Should the State limit how many children people are allowed to have? They tried that in China. How has that gone for them?
It worked great; saved billions of dollars and millions of lives. Increased both individual and economic prosperity. Enabled China's economic miracle. Now that citizens have experienced the benefits, the tradition of large families has fallen out of favor and people are voluntarily having fewer children.
 

Valjean

Veteran Member
Premium Member
So what? Africa is gigantic and extremely rich in resources. It's just poor because the US (what we did in Libya), Europeans and now the Chinese keep plundering them and playing games to keep their governments unstable. One of the reasons they murdered Gaddafi and overthrew his government is that he championed the idea of an African Union with its own gold currency to compete with the EU, Euro and American Dollar. Can't have that! (We also dump our electronic waste there, which is messed up!)

Also, a lot of places in Africa are actually underpopulated due to things like conflict and the AIDS epidemic, which is still very serious there.
So what's happening to African biodiversity, with human activities using more and more land?
 

Valjean

Veteran Member
Premium Member
I also believe that public (not state, but public) ownership of certain utilities and means of production is a good goal to strive for, but that would be parallel to the availability of private enterprise rather than exclusive of it.

I think social democracy could work as a temporary stage at most, which is why I don't describe myself as a social democrat. Even the "Nordic model" has major flaws due to overconsumption and unsustainability, especially if it were to be implemented in many more countries.
In socialism the state is the public. It's government "of, by and for the people," to quote Lincoln.
 

Debater Slayer

Vipassana
Staff member
Premium Member
In socialism the state is the public.
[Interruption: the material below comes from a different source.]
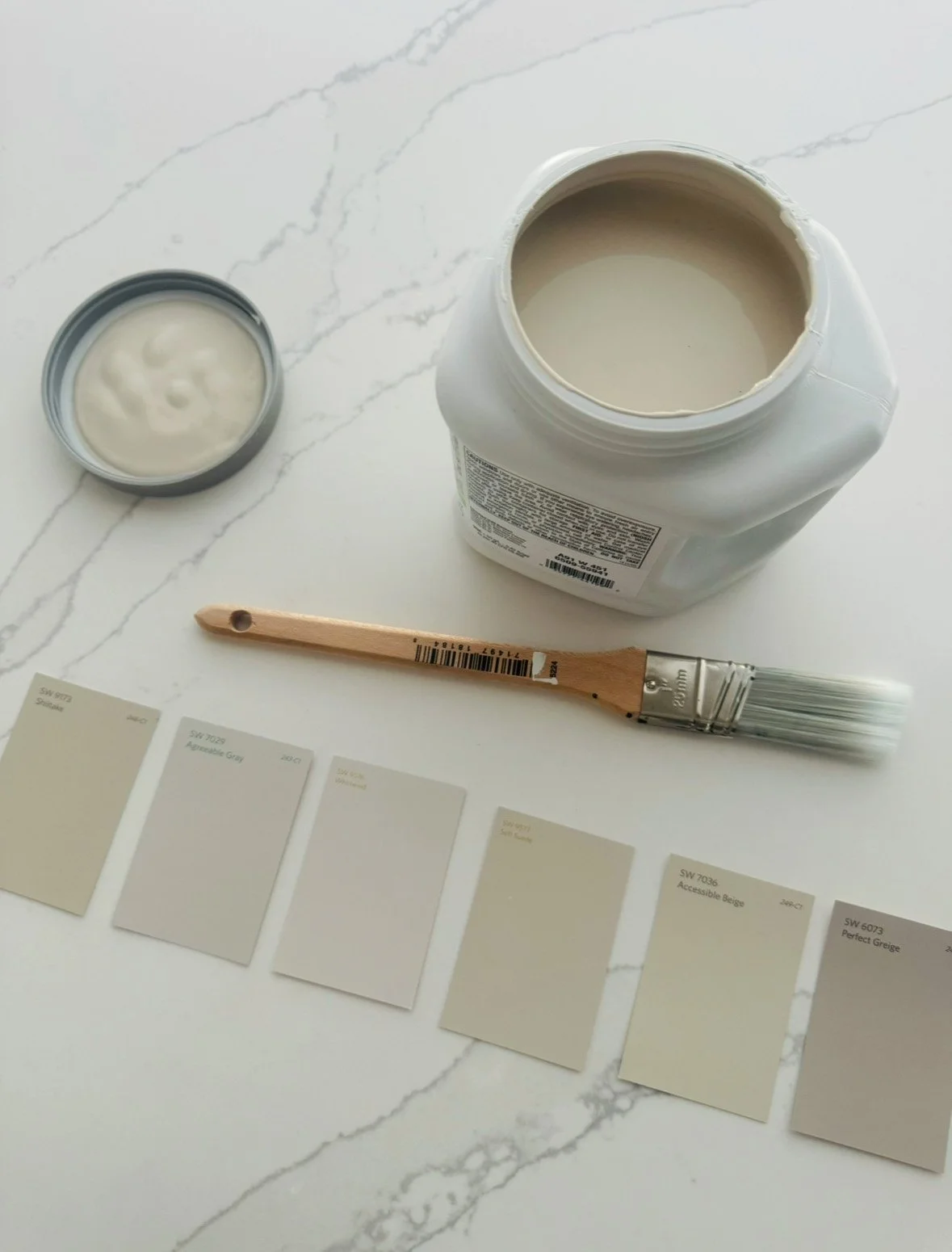 A paint color matching station with a container of light beige paint, a paintbrush, a can of beige paint sample, and color swatches with various shades of beige and gray on a white marble surface.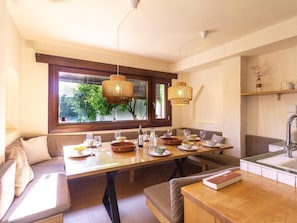 A dining area with a wooden table set for four, a bench seating, and a window with a view of greenery.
It's government "of, by and for the people," to quote Lincoln.

Not all varieties of socialism regard the state as synonymous with the public, and a subset of socialists believe in a state of a small-to-moderate size or even no state at all.

I think treating the state as the public is a recipe for disaster, especially the longer the state has the extensive powers derived from that idea. Human nature makes it so that far-reaching power has a lot of potential to corrupt people, and I don't think socialism or any other ideology can avoid that.